(Caption-style text data)
☆ ☆ ☆ ☆

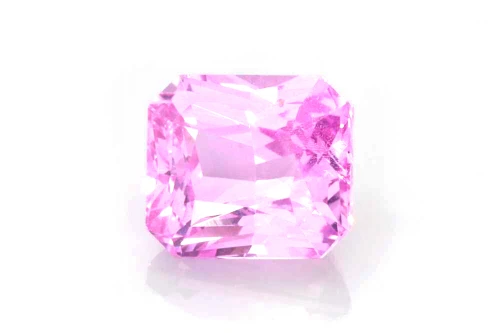 Light Octagon Pink Sapphire Gemstone – 1.59 Carat, Unheated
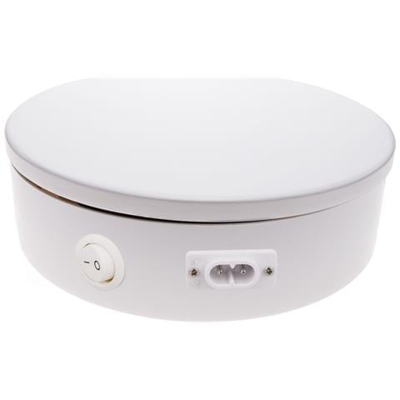 Base girevole elettrica 50 cm bianco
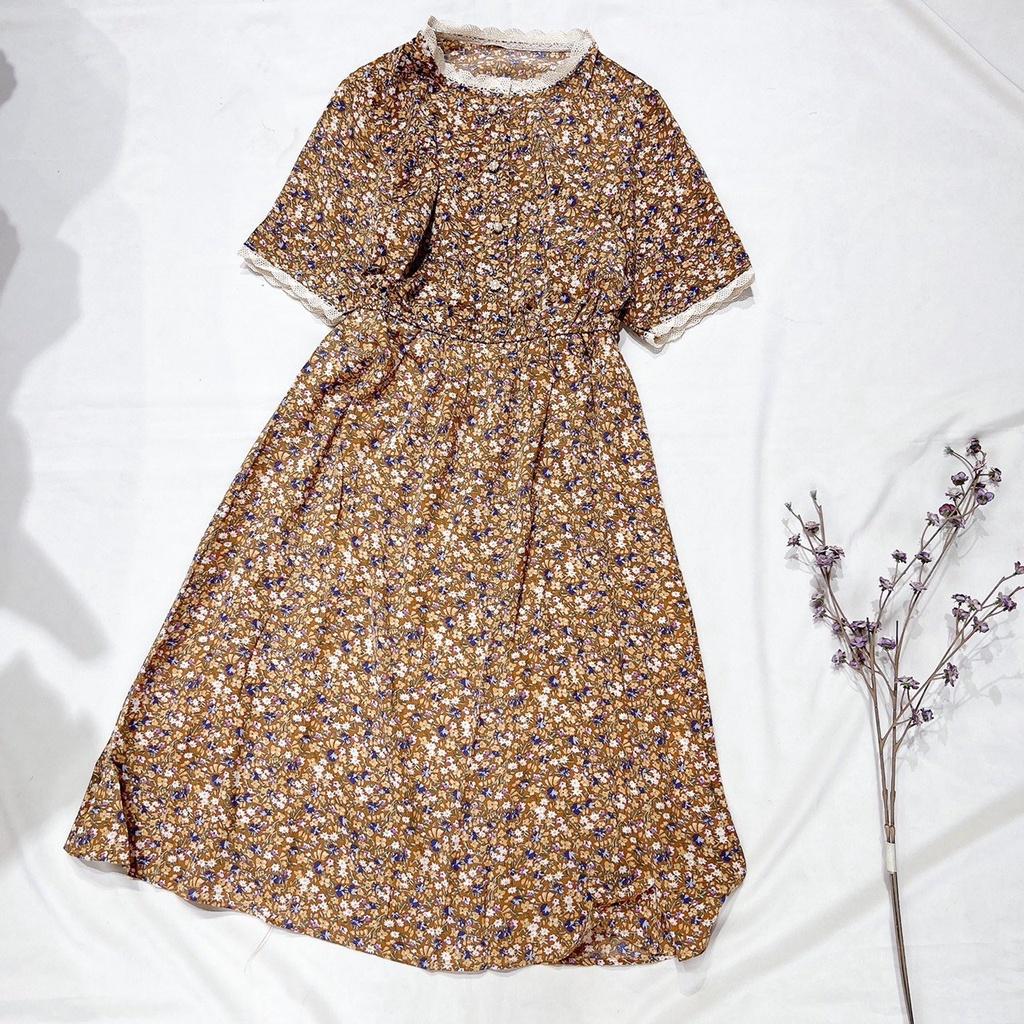 Váy/Đầm hoa nhí đẹp nhiều màu phong cách vintage LOVI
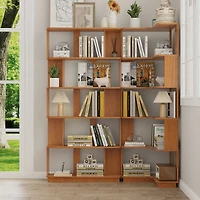 Streamdale Furniture 2-Pack Corner Bookcases, 55/80cm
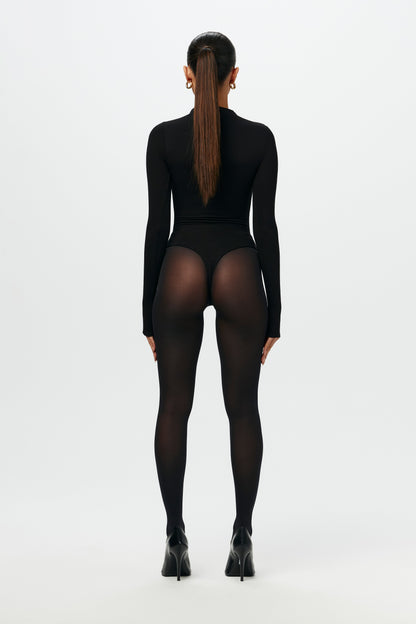 NW Sculpt Mock Neck Bodysuit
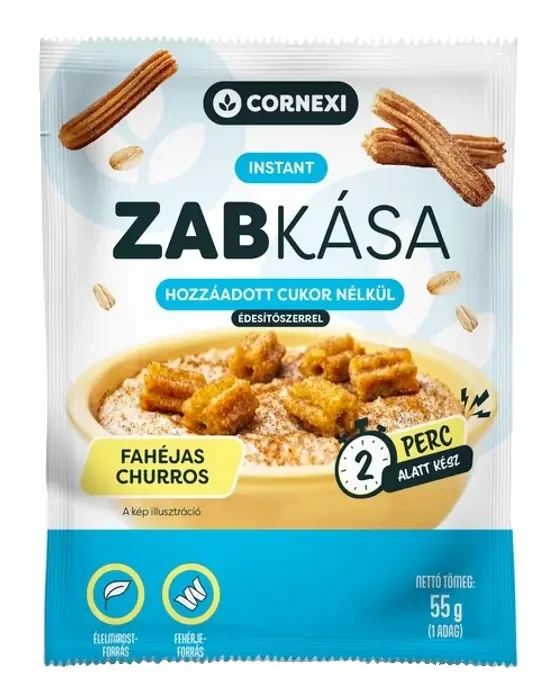 Cornexi Fahéjas Churros Zabkása (hozzáadott cukor nélkül, édesítőszerrel) 55g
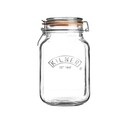 Borcan cu inchidere ermetica, Kilner, Oliver, 1.5 L, sticla, transparent
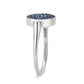 TK385409 - High polished (no plating) Stainless Steel Ring with Top Grade Crystal in Montana-4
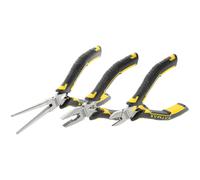 Stanley FatMax 3-Piece Mini Plier Set FMHT0-80524 - Bi-Material Chrome Vanadium Steel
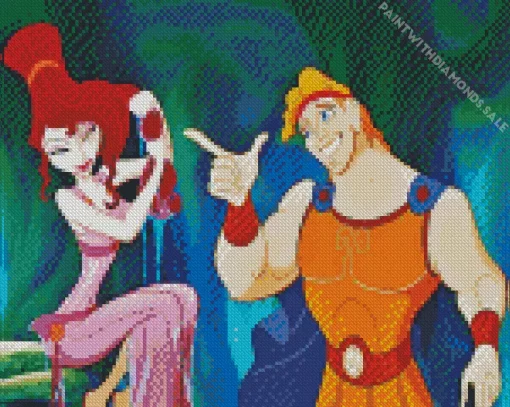 Hercules Cartoon Diamond Painting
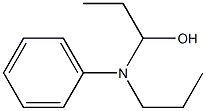 N-Propyl-N-(1-hydroxypropyl)aniline Struktur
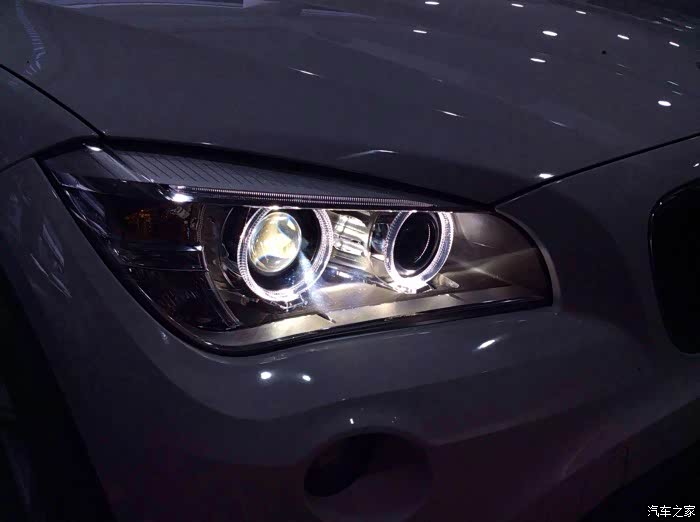 【图】x1总成天使眼氙气大灯_宝马x1论坛_汽车之家论坛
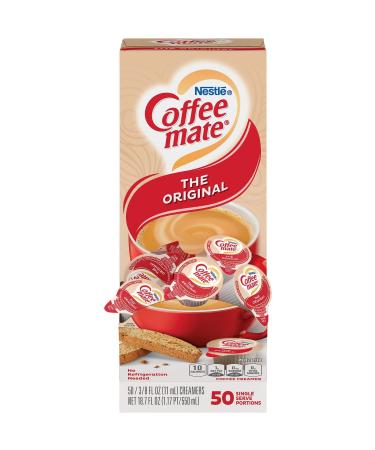 Nestle 35110 Coffee-Mate Original Flavor Creamer, Single Serve Portions, 50/Box
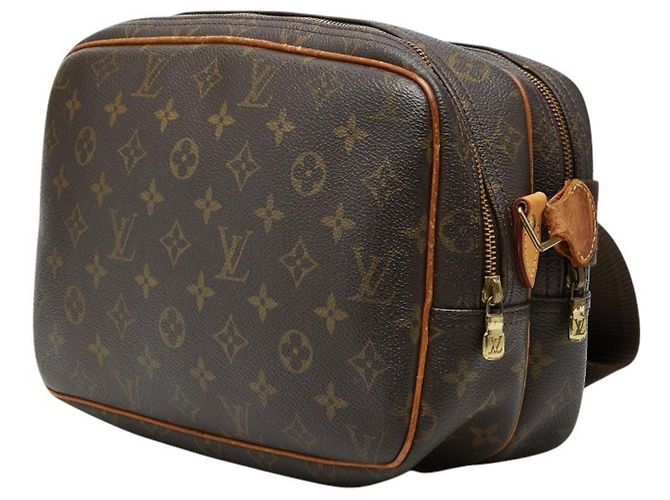 Louis Vuitton Monogram Reporter PM Umhängetasche Braun - Ansicht 2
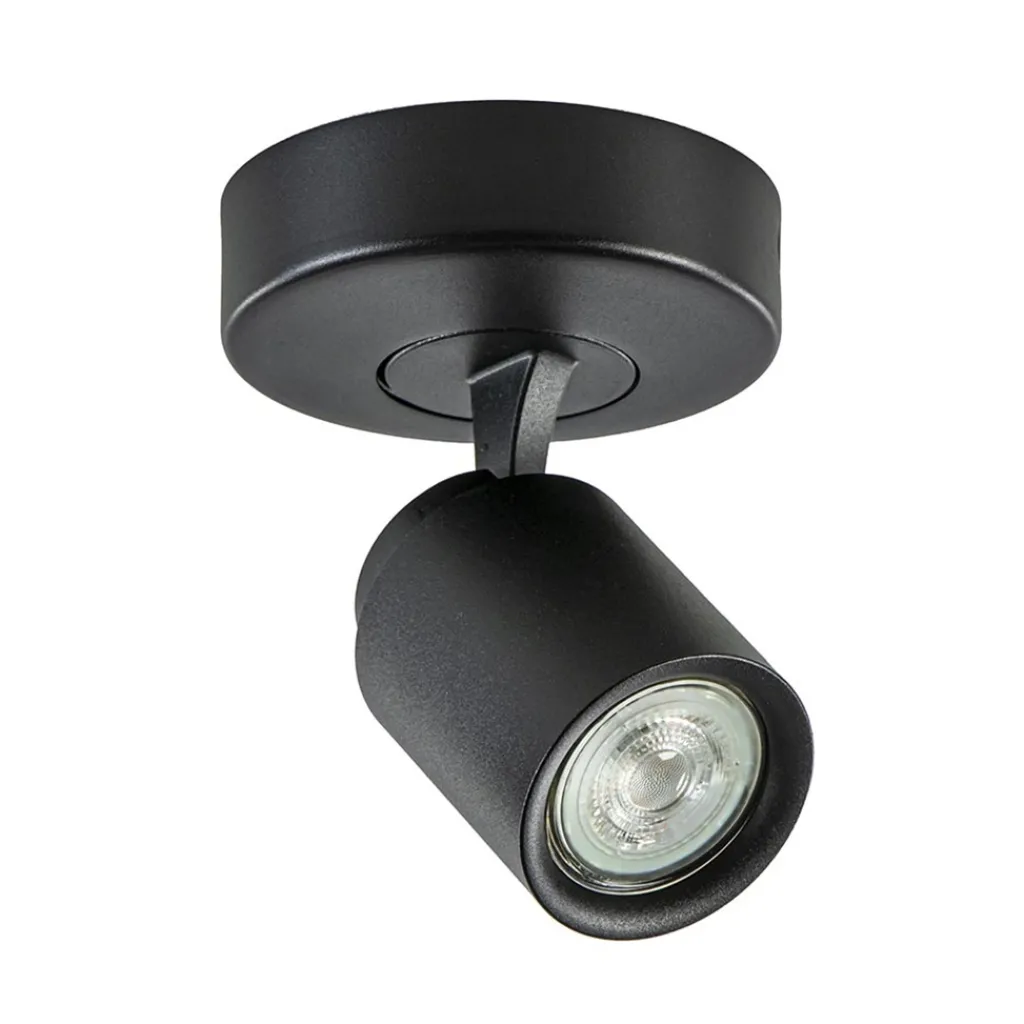 Straluma Plafondspot Razza 1L zwart gu10> Wandlampen|Opbouwspots
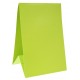 Marque-table carton vert anis 15 cm les 6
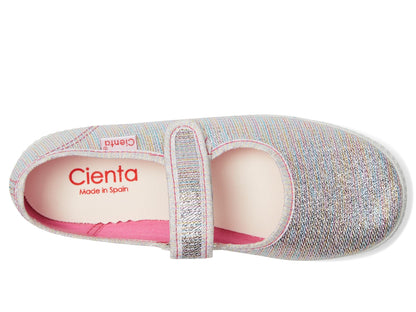 Cienta Kids Shoes – Ideal for Toddlers & Little Kids – Hook & Loop Strap Closure – Textile Lining – Rubber Outsole (Infant/Toddler/Little Kid/Big Kid) Multi Glitter 26 (US 9 Toddler) M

☆ ☆ ☆ ☆

Although pictures appear among the records above, none are to be output; print exactly the lines from the line containing "Stanley FatMax 3-Piece" through the line containing "Straluma Plafondspot Razza".

## [Solved exercise]
 Stanley FatMax 3-Piece Mini Plier Set FMHT0-80524 - Bi-Material Chrome Vanadium Steel
 Hercules Cartoon Diamond Painting
 N-Propyl-N-(1-hydroxypropyl)aniline Struktur
 【图】x1总成天使眼氙气大灯_宝马x1论坛_汽车之家论坛
 Nestle 35110 Coffee-Mate Original Flavor Creamer, Single Serve Portions, 50/Box
 Louis Vuitton Monogram Reporter PM Umhängetasche Braun - Ansicht 2
 Straluma Plafondspot Razza 1L zwart gu10> Wandlampen|Opbouwspots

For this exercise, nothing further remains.